Ali Muhiddin Hacı Bekir

Türkiye’de şekerciliğin onunla başladığını söyleyenlerin pek yanılmadığı Hacı Bekir’in, 1911’de üçüncü Kuşak temsilcisi Ali Muhiddin Bey tarafından Kadıköy mağazası açılıyor.

Ali Muhiddin Hacı Bekir’in tarihçesi

Kastamonulu Bekir adıyla bir müteşebbis 1777 yılında İstanbul Bahçekapı’da belki de Osmanlıdaki ilk şekerci dükkânını açıyor. 1817-1820 yıllarında haccını eda eden Bekir’in işyeri bu tarihten sonra Hacı Bekir olarak anılmaya başlıyor. Bazı iktisatçılara göre Hacı Bekir’in günümüze intikal etmiş en eski şirket olduğu ve Türkiye’de günümüzdeki şekliyle şekerciliğin Hacı Bekir ile başladığı söylenebiliyor. Osmanlı dönemi tatlıcılığında geleneksel bal ve pekmezin yerine ilk rafine şekeri kullanan ve un yerine nişasta ile sevilen tatları oluşturan Hacı Bekir olmuştur. Özellikle lokum alanında eşsiz bir lezzet yakalayan ve güllü, tarçınlı gibi akide şekerleri de geliştiren ilk markadır. Sultan II. Mahmud döneminde sarayın Şekercibaşı’sı olan Hacı Bekir’in ölümünden sonra işleri oğlu Şekercibaşı Mehmet Muhiddin devralıyor. Onun da vefatının ardından yine Şekercibaşı oğlu Ali Muhiddin Bey işleri üstleniyor. Bu dönem uluslararası şöhreti de yakalayan ve Ali Muhiddin Hacı Bekir olarak anılmaya başlayan markanın 1911 yılında yurtdışı ve yurtiçinde açtığı birçok mağaza arasında Kadıköy’de bulunuyor.  
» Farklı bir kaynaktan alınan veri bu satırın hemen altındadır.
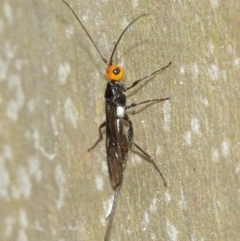 Braconidae (family) at Acton, ACT - 15 Dec 2020 12:12 PM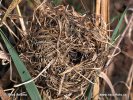 Zwergmaus (Nest)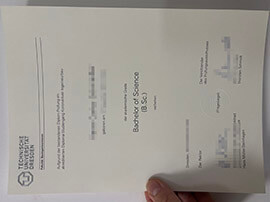 How Can I Apply for a Technische Universität Dresden Urkunde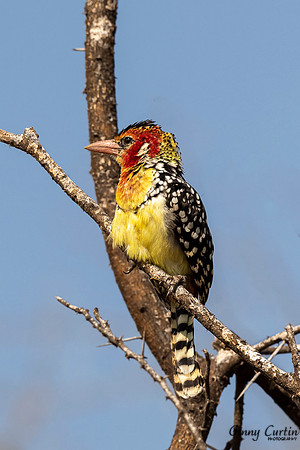 Crested Barbet
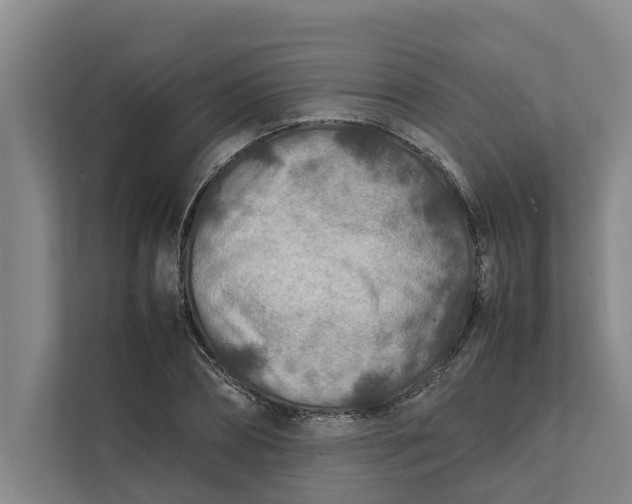 X0000112400882200909041334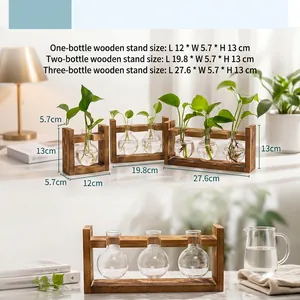 Hydroponic glass bulb vase dimensions for 1, 2, and 3-bottle wooden desktop stands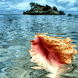 Shell In Tropical Sea Live Wal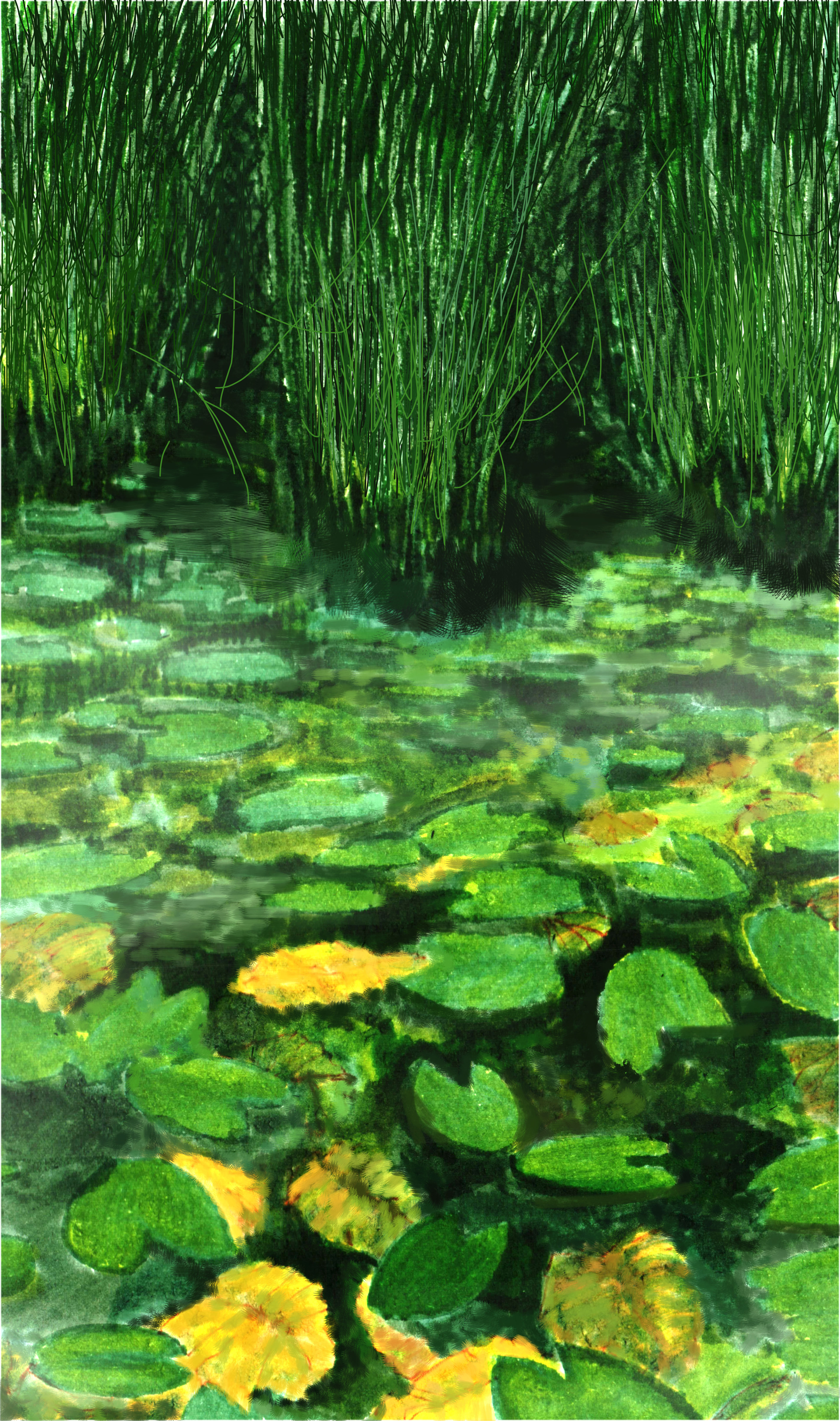 Image description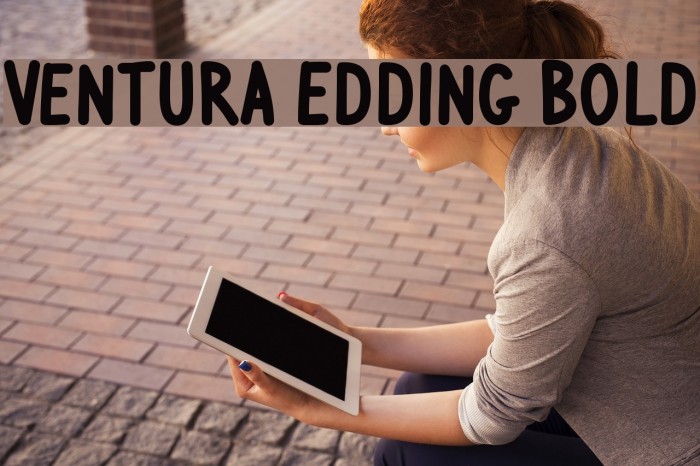 Ventura Edding Bold フォント examples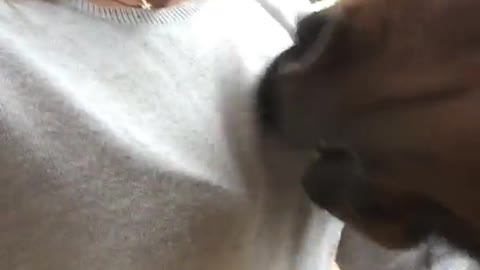Brown horse sniff's blonde girl's chest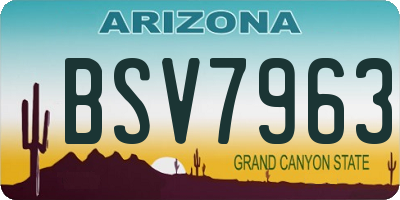 AZ license plate BSV7963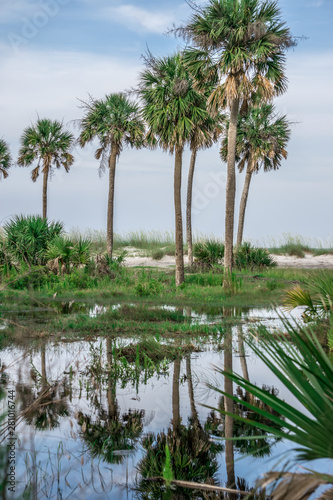 Beach scenes at hunting island south carolina © digidreamgrafix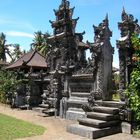 "drüber g'stolpert "- Streifzüge auf Bali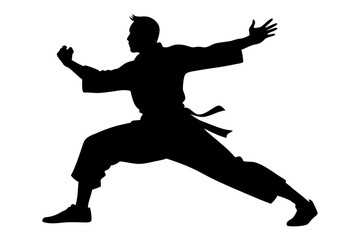 Martial Arts Silhouettes | vector silhouette illustration on white background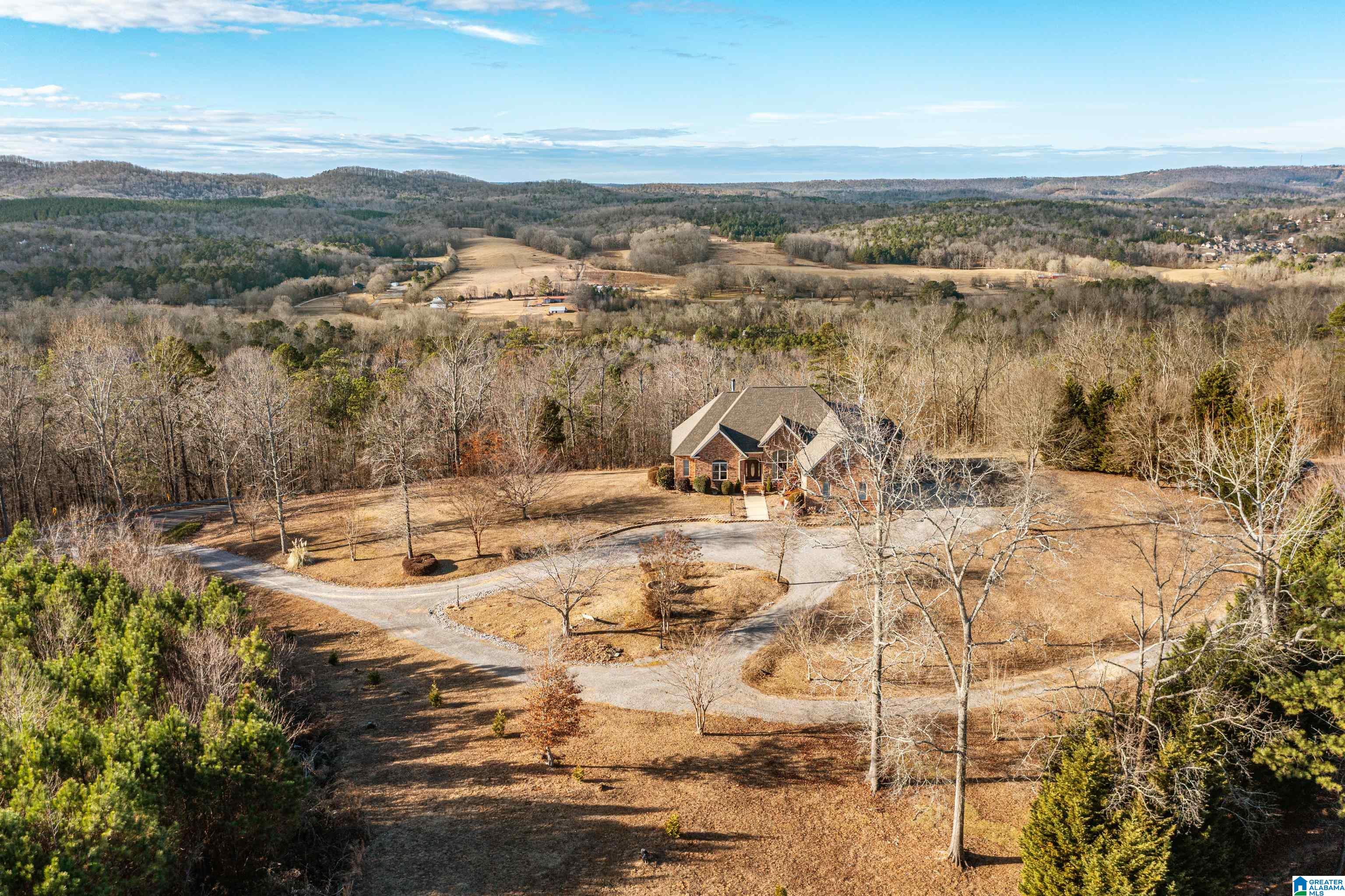 1049 Mountain View Road Springville, AL 35146 - Photo 2 of 50 Gallery Image 2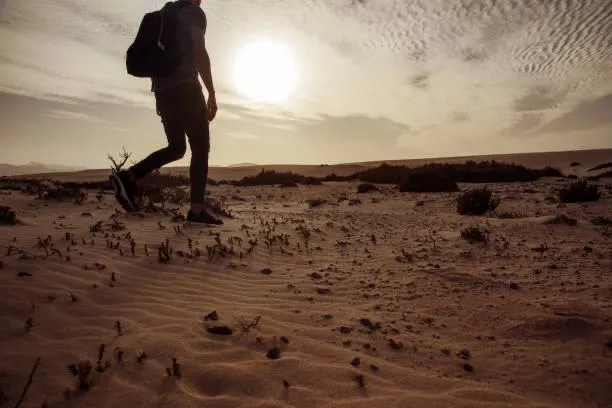 Russia Launches Smart System to Protect Land From Desertification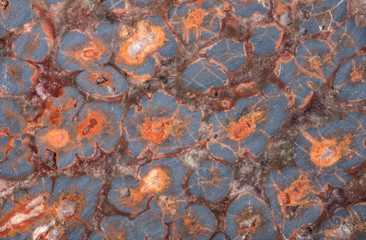 Surface of natural mineral rhyolite or rainforest jasper.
Türk kahvesinin en iyi eşlikçisi Lokum

Bir grup gazeteciyle birlikte Ali Muhiddin Hacı Bekir’in Kadıköy’deki mağazasında kahve danışmanı ve yazar Cenk Girginol’un moderatörlüğünde, Arzum OKKA makinelerinden çıkan 8 çeşit kahve ile Hacı Bekir lokumlarının eşleştirilmesi etkinliğine katıldım. Arzum OKKA Rich ile hazırlanan farklı tatlardaki Türk kahveleri, Ali Muhiddin Hacı Bekir ’in asırlık lezzeti lokum çeşitleri ile eşleştirildi ve ortaya çok beğendiğim bambaşka lezzetler çıktı. Yüzyıllardır kültürümüzün vazgeçilmezlerinden olan Türk kahvesi, en iyi eşlikçilerinden lokumun eşsiz tatlarıyla birleşti. Bu vesile ile iki köklü marka, Türk kültürünün en kadim geleneklerinden biri olan Türk kahvesi ve lokumun, lezzeti çifte katlayan birlikteliğini anlamlı bir iş birliğine dönüştürmüş oldu. Etkinlik kapsamında Ali Muhiddin Hacı Bekir Yönetim Kurulu Üyesi Leyla Celalyan ile Arzum Yönetim Kurulu Başkanı Murat Kolbaşı, kahve ve lokum eşleşmesi hakkında konuşmalar yaptı.

Yeldeğirmeni Ev Yemekleri

“Mutluluğa Hizmet Ediyoruz” sloganıyla yola çıkan Adanalı, MSA mezunu şef ve iki çocuk annesi İrem Nair Adalı altı yıl önce eşiyle birlikte Kadıköy’de “Yel değirmeni Ev Yemekleri” adıyla bir restoran açıyor.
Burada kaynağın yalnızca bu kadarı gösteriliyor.